### SUPPLIED DATA

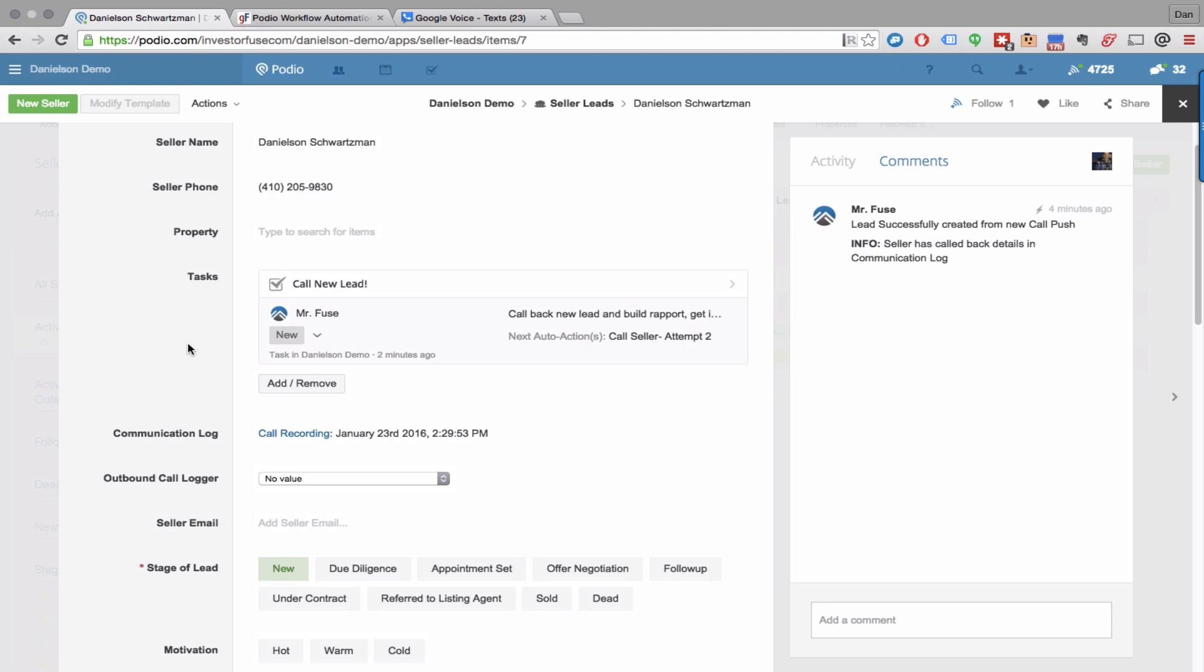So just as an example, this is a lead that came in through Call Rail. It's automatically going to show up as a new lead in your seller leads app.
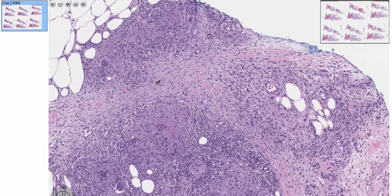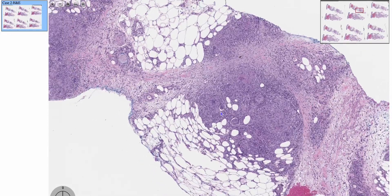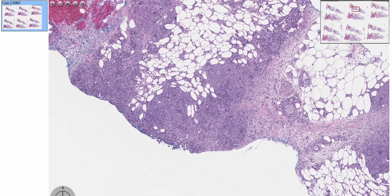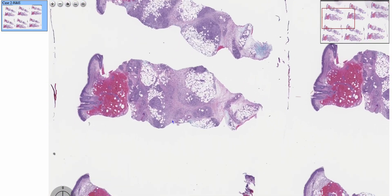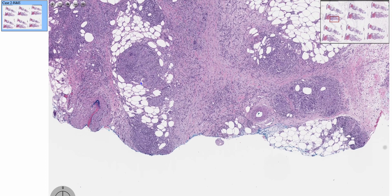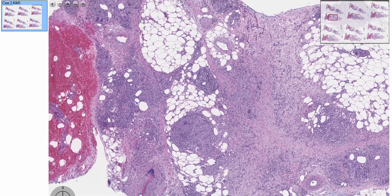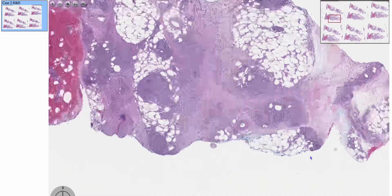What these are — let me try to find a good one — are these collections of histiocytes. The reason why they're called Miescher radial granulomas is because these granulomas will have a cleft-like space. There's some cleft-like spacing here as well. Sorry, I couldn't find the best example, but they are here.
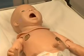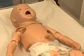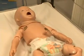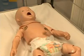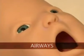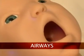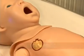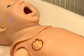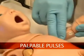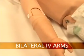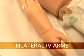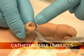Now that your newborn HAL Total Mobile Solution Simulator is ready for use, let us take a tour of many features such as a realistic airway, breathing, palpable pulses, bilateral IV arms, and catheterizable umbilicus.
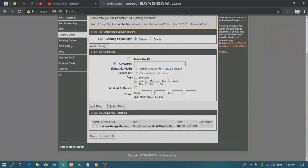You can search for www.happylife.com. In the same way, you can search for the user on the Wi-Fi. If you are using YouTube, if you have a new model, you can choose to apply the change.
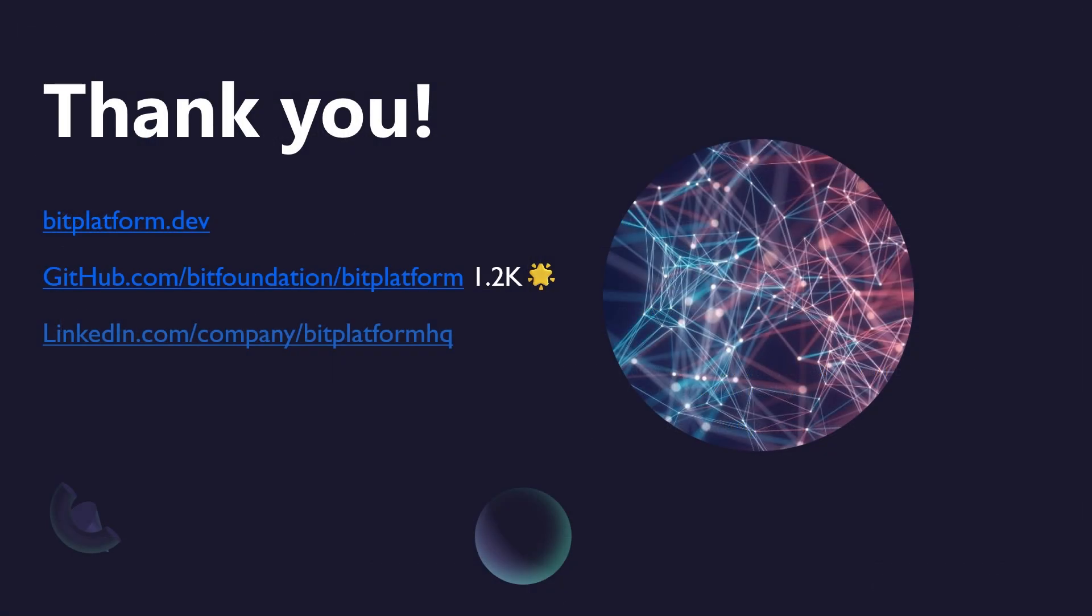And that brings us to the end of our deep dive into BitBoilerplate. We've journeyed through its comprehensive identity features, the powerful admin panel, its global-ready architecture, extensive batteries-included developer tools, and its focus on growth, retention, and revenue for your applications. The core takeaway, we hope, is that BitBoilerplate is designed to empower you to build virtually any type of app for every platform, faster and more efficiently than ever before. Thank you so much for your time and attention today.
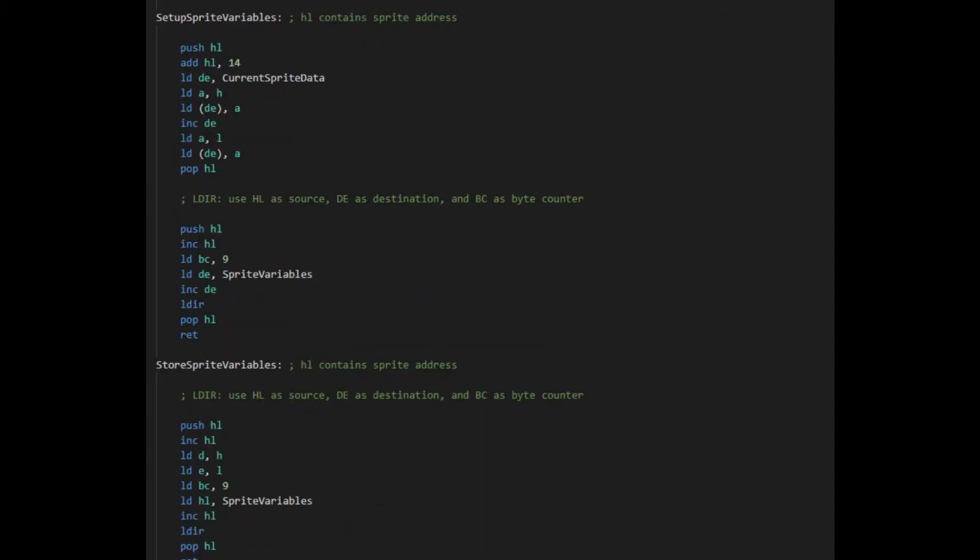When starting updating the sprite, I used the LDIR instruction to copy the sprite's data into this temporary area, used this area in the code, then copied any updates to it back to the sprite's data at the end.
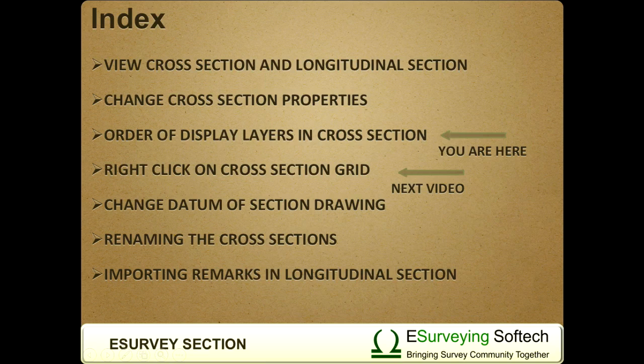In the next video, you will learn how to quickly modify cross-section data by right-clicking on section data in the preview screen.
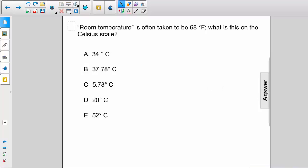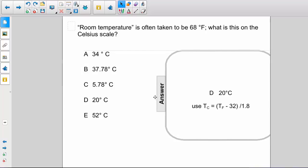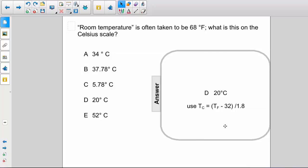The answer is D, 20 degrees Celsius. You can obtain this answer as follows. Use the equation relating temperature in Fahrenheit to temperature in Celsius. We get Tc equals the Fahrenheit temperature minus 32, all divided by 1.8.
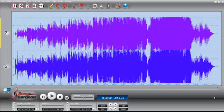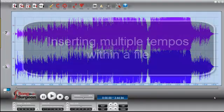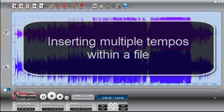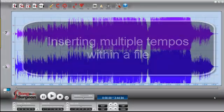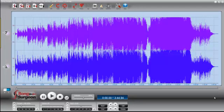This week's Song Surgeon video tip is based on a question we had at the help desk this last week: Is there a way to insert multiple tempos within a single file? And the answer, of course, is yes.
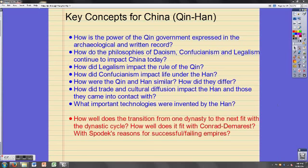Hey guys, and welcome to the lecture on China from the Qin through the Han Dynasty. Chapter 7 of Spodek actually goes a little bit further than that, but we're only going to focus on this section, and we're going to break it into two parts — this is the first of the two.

### TASK OBJECTIVE
The whole listing is to be written out exactly; the pictures stay out of the copy.

### ANSWER
So just as an example, this is a lead that came in through Call Rail. It's automatically going to show up as a new lead in your seller leads app.
What these are — let me try to find a good one — are these collections of histiocytes. The reason why they're called Miescher radial granulomas is because these granulomas will have a cleft-like space. There's some cleft-like spacing here as well. Sorry, I couldn't find the best example, but they are here.
Now that your newborn HAL Total Mobile Solution Simulator is ready for use, let us take a tour of many features such as a realistic airway, breathing, palpable pulses, bilateral IV arms, and catheterizable umbilicus.
You can search for www.happylife.com. In the same way, you can search for the user on the Wi-Fi. If you are using YouTube, if you have a new model, you can choose to apply the change.
And that brings us to the end of our deep dive into BitBoilerplate. We've journeyed through its comprehensive identity features, the powerful admin panel, its global-ready architecture, extensive batteries-included developer tools, and its focus on growth, retention, and revenue for your applications. The core takeaway, we hope, is that BitBoilerplate is designed to empower you to build virtually any type of app for every platform, faster and more efficiently than ever before. Thank you so much for your time and attention today.
When starting updating the sprite, I used the LDIR instruction to copy the sprite's data into this temporary area, used this area in the code, then copied any updates to it back to the sprite's data at the end.
In the next video, you will learn how to quickly modify cross-section data by right-clicking on section data in the preview screen.
The answer is D, 20 degrees Celsius. You can obtain this answer as follows. Use the equation relating temperature in Fahrenheit to temperature in Celsius. We get Tc equals the Fahrenheit temperature minus 32, all divided by 1.8.
This week's Song Surgeon video tip is based on a question we had at the help desk this last week: Is there a way to insert multiple tempos within a single file? And the answer, of course, is yes.
Hey guys, and welcome to the lecture on China from the Qin through the Han Dynasty. Chapter 7 of Spodek actually goes a little bit further than that, but we're only going to focus on this section, and we're going to break it into two parts — this is the first of the two.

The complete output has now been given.